▸ PROVIDED INFORMATION:
+++

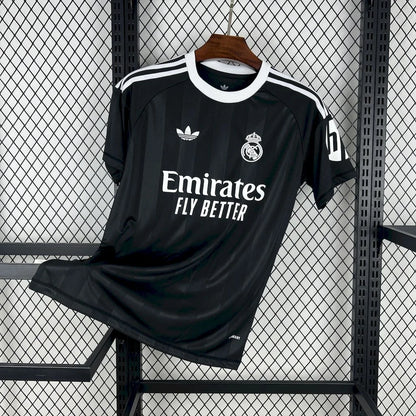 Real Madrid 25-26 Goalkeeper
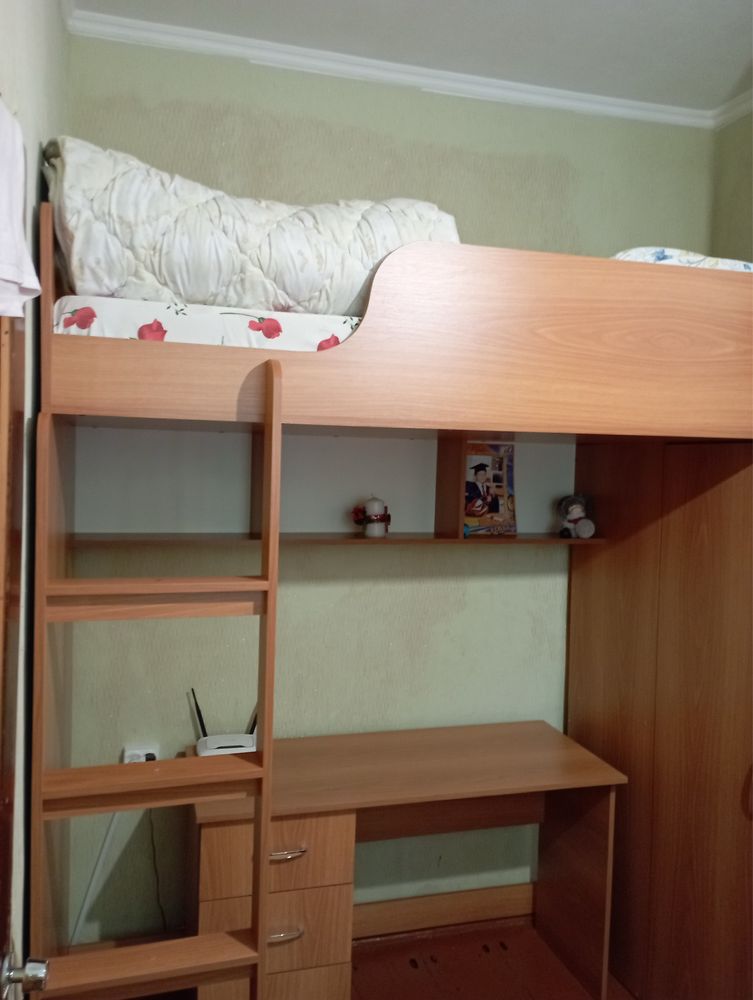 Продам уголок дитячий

+++

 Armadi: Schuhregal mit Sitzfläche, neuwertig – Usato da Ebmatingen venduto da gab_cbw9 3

+++

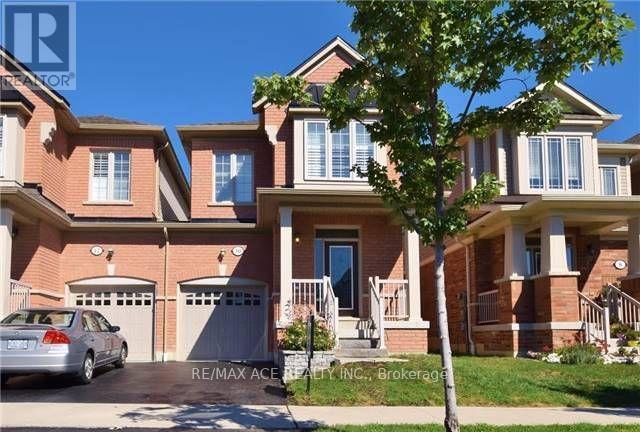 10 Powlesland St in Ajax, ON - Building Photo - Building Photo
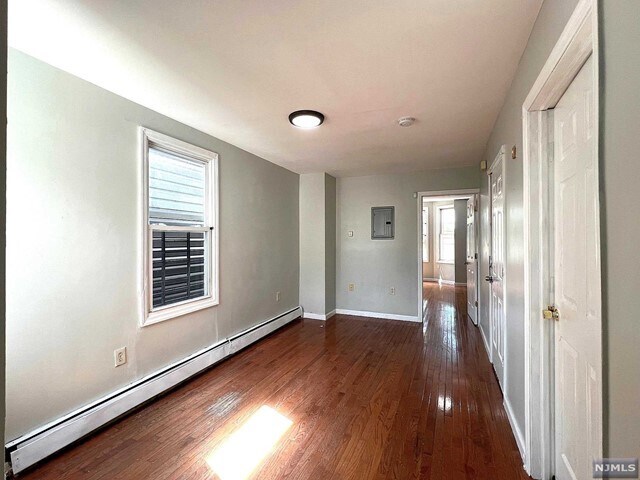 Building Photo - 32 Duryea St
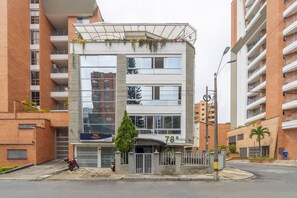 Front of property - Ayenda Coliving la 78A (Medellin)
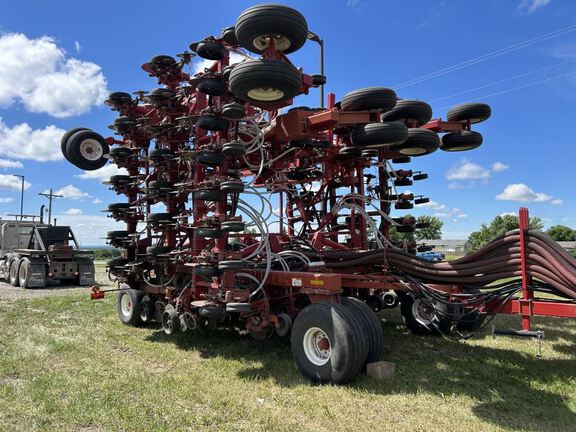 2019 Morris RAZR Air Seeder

+++

▸ WORK INSTRUCTION: Your answer should consist of the lines above between those holding "Front of property" and "2019 Morris RAZR Air Seeder", inclusive, reproduced word for word and without pictures.

▸ WRITTEN SOLUTION:
 Front of property - Ayenda Coliving la 78A (Medellin)
 2019 Morris RAZR Air Seeder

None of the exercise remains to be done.